# Cervelo P2C rear hydration setups



## gmarch (Apr 18, 2007)

Hi folks,

I just purchased a 2007 P2C with the IAA seatpost. I was wondering if anyone has put a behind the seat bottle cage on this bike, and if so, which one?

I guess Cervelo doesn't actually have anything yet available for the IAA. As a result, I was looking at the Hydrotail (http://www.trisports.com/hydrotail.html) as a possible solution. Will this fit with that seatpost? It seems that it should be independent of the post, but I read somewhere that there could be problems.

Thanks,

/greg


----------



## Kestreljr (Jan 10, 2007)

I have seen the hydrotail in person, and I don't see how it could be a problem. It attaches to the rails of the seat- so you should be just fine.

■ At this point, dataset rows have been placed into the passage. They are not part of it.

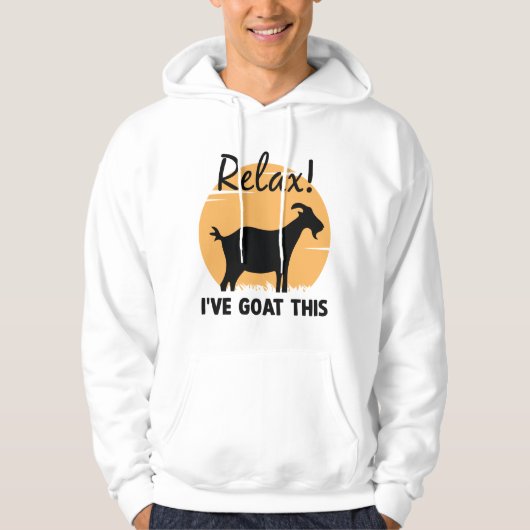 Ontspan dat ik dit heb gegeten hoodie (Voorkant)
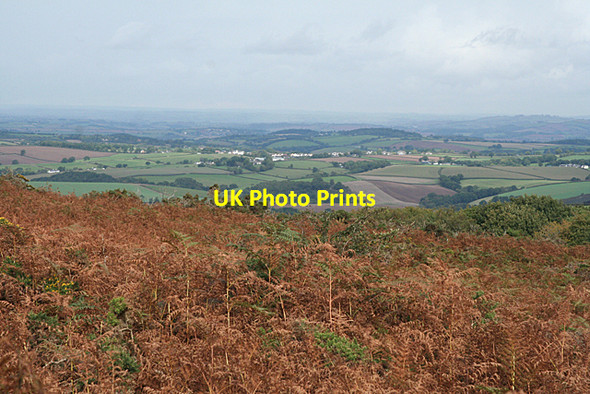 Photo 6"x4" Moretonhampstead: on Cranbrook Down Moretonhampstead c2010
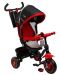 Триколка с родителски контрол Caretero Toyz - Timmy, червена - 1t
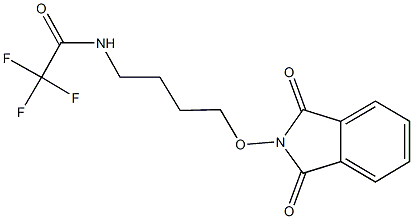 N-{4-[(1,3-dioxo-1,3-dihydro-2H-isoindol-2-yl)oxy]butyl}-2,2,2-trifluoroacetamide Struktur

The only question I could think of, is if your seat is pushed all the way forward, there might not be enough room....


----------



## fortis4 (Oct 25, 2007)

*hydration setup*

I have a 2006 P2C and use the Xlab flatwing which works very well as it also just attaches to the seat rail.


----------



## simplyhankk (Jan 30, 2008)

check these out

https://lh3.google.com/ailurophilefive/RrsO_fjC9yI/AAAAAAAAAAs/m9mBIYQbIng/s800/Cervelo.jpg

and 

https://us3.pixagogo.com/S5yfZ0qxqd1GSmv7AebEnoQpRsOIrdzhVKfdSQ9goejXX!DR8Q94nkIiu5JNzQn7ZqEUdWLNEz5wYZ1JDo61lqkhoOCtdBOP0uyfqkCj-4QWI_/DSC08610.JPG


----------